Required action:
Return exactly, with nothing added, the lines from the one that contains "2026 absurd_res anthro" through the end of the listing below, pictures excluded.

-- Materials provided follows --

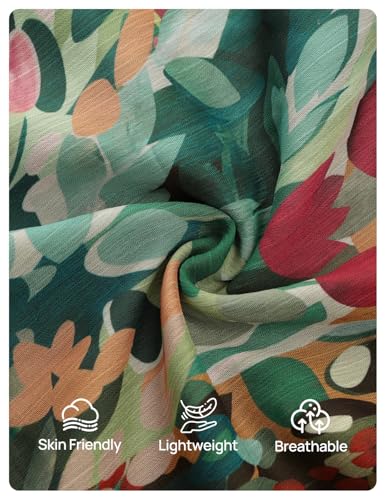 ZESICA Womens Summer Boho Floral Mini Dress 2026 Flutter Short Sleeve Button Chiffon A Line Beach Vacation Party Dresses DarkGreen Large
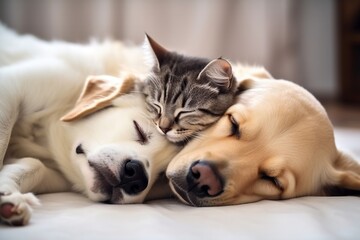 Generative AI. Cat and dog sleeping Puppy and kitten sleep - obrazy, fototapety, plakaty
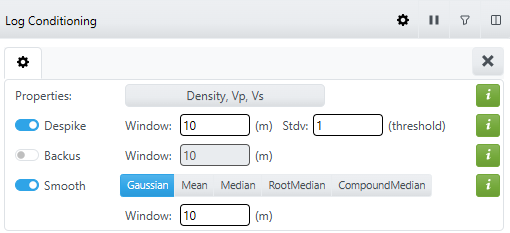 A screenshot showing the Blueback Well Ties Log Conditioning options in advanced mode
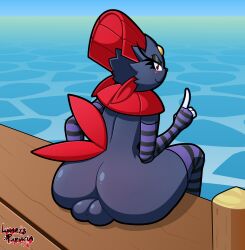 2026 absurd_res anthro arm_warmers armwear backsack balls balls_touching_floor big_butt butt clothing digital_media_(artwork) femboy generation_4_pokemon genitals hi_res legwear looking_at_viewer luna_(lunaris_parukia) lunaris_parukia male meme mostly_nude nintendo outside pattern_arm_warmers pattern_armwear pattern_clothing pattern_legwear pattern_thigh_highs pier pokemon pokemon_(species) pokemorph public public_exposure raised_finger rear_view sea sky stockings striped_arm_warmers striped_armwear striped_clothing striped_legwear striped_thigh_highs stripes thigh_highs water weavile you_may_spank_it_once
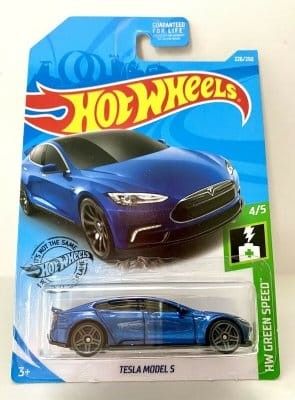 Tesla Model S blå - Hot Wheels 1:64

-- Materials provided concluded --

Reply:
 2026 absurd_res anthro arm_warmers armwear backsack balls balls_touching_floor big_butt butt clothing digital_media_(artwork) femboy generation_4_pokemon genitals hi_res legwear looking_at_viewer luna_(lunaris_parukia) lunaris_parukia male meme mostly_nude nintendo outside pattern_arm_warmers pattern_armwear pattern_clothing pattern_legwear pattern_thigh_highs pier pokemon pokemon_(species) pokemorph public public_exposure raised_finger rear_view sea sky stockings striped_arm_warmers striped_armwear striped_clothing striped_legwear striped_thigh_highs stripes thigh_highs water weavile you_may_spank_it_once
 Tesla Model S blå - Hot Wheels 1:64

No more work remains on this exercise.